Fri Aug 7 12:01:55 GMT 2020
On Fri, Aug 7, 2020 at 12:45 PM Marc Glisse <firstname.lastname@example.org> wrote:
> Thank you for your comments.
> On Fri, 7 Aug 2020, Richard Biener wrote:
> >> Conversions look like
> >> .FENV_CONVERT (arg, (target_type*)0, 0)
> >> the pointer is there so we know the target type, even if the lhs
> >> disappears at some point. The last 0 is the same as for all the others, a
> >> place to store options about the operation (do we care about rounding,
> >> about exceptions, etc), it is just a placeholder for now. I could rename
> >> it to .FENV_NOP since we seem to generate NOP usually, but it looked
> >> strange to me.
> > You could carry the info in the existing flags operand if you make that a
> > pointer ...
> Ah, true, I forgot that some other trees already use this kind of trick.
> Not super pretty, but probably better than an extra argument.
> > Adding some info missing above from reading the patch.
> > The idea seems to be to turn FP operations like PLUS_EXPR, FLOAT_EXPR
> > but also (only?) calls to BUILT_IN_SQRT to internal functions named
> > IFN_FENV_* where the internal function presumably has some extra
> > information.
> Sqrt does seem to have a special place in IEEE 754, and in practice some
> targets have instructions (with rounding) for it.
> > You have
> > +/* float operations with rounding / exception flags. */
> > +DEF_INTERNAL_FN (FENV_PLUS, ECF_LEAF | ECF_NOTHROW, NULL)
> > +DEF_INTERNAL_FN (FENV_MINUS, ECF_LEAF | ECF_NOTHROW, NULL)
> > +DEF_INTERNAL_FN (FENV_MULT, ECF_LEAF | ECF_NOTHROW, NULL)
> > +DEF_INTERNAL_FN (FENV_RDIV, ECF_LEAF | ECF_NOTHROW, NULL)
> > +DEF_INTERNAL_FN (FENV_FLOAT, ECF_LEAF | ECF_NOTHROW, NULL)
> > +DEF_INTERNAL_FN (FENV_CONVERT, ECF_LEAF | ECF_NOTHROW, NULL)
> > +DEF_INTERNAL_FN (FENV_SQRT, ECF_LEAF | ECF_NOTHROW, NULL)
> > so with -fnon-call-exceptions they will not be throwing (but regular
> > FP PLUS_EXPR would).
> Hmm, ok, I guess I should remove ECF_NOTHROW then, the priority should
> be to be correct, we can carefully reintroduce optimizations later.
> > They will appear to alter memory state - that's probably to have the
> > extra dependence on FENV changing/querying operations but then why do you
> > still need to emit asm()s?
> The IFNs are for GIMPLE and represent the operations, while the asm are
> simple passthrough for RTL, I replace the first with the second (plus the
> regular operation) at expansion.
> > I suppose the (currently unused) flags parameter could be populated with
> > some known FP ENV state and then limited optimization across stmts
> > with the same non-zero state could be done?

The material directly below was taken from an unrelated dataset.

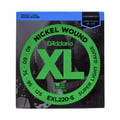 Daddario EXL220-5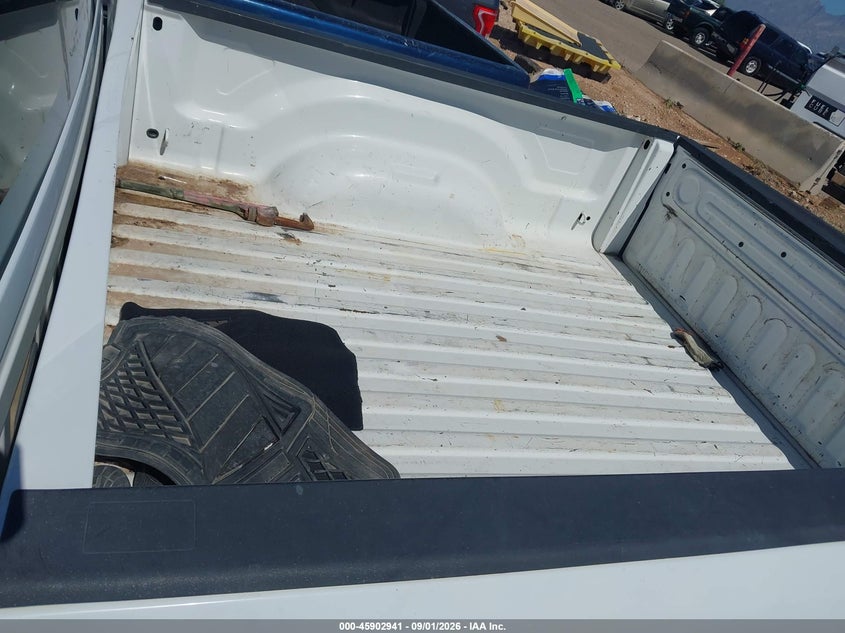 2012 RAM 1500 auction photo 8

> I was mostly thinking of storing information like:
> * don't care about the rounding mode for this operation
> * may drop exceptions produced by this operation
> * may produce extra exceptions
> * don't care about signed zero
> * may contract into FMA
> * don't care about errno (for sqrt?)
So we could leverage the same mechanism for inlining a non-ffast-math
function into a -ffast-math function, rewriting operations to IFNs? Though
the resulting less optimization might offset any benefit we get from the
inlining... At least the above list somewhat suggests it want's to
capture the various -f*-math options.
> With fenv_round, we would actually have to store the rounding mode of
> the operation (upward, towards-zero, dynamic, don't-care, etc), a bit
> less nice because 0 is not a safe fallback anymore. We could also store
> it when we detect a call to fesetround before, but we have to be careful
> that this doesn't result in even more calls to fesetround at expansion
> for targets that do not have statically rounded operations.
> If there are other, better things to store there, great.

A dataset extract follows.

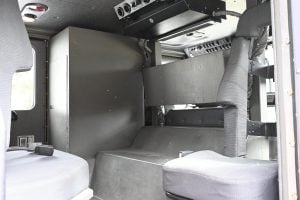 2005 E-One 75′ HP Aluminum Aerial Quint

> > Using internal function calls paints us a bit into a corner since they are still
> > subject to the single-SSA def restriction in case we'd want to make FENV
> > dataflow more explicit. What's the advantage of internal functions compared
> > to using asms for the operations themselves if we wrap this class into
> > a set of "nicer" helpers?
> I wanted the representation on gimple to look a bit nice so it would be
> both easy to read in the dumps, and not too hard to write optimizations
> for, and a function call looked good enough. Making FENV dataflow explicit
> would mean having PHIs for FENV, etc? At most I thought FENV would be
> represented by one specific memory region which would not alias user
> variables of type float or double, in particular.

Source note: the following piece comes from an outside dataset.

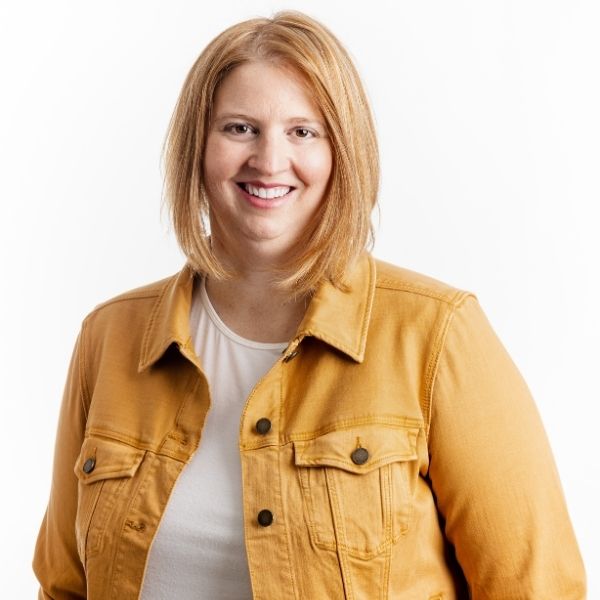 Meghan Klein Headshot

Uh, yeah - didn't think of PHIs.
> I don't really see what it would look like with asms and helpers. In some
> sense, the IFNs are already wrappers, that we unwrap at expansion. Your
> asms would take some FENV as intput and output, so we have to track what
> FENV to use where, similar to .MEM.
True. The main advantage (if it is any...) would be it not be .MEM
> > One complication with tracking data-flow is "unknown" stuff, I'd suggest
> > to invent a mediator between memory state and FP state which would
> > semantically be load and store operations of the FP state from/to memory.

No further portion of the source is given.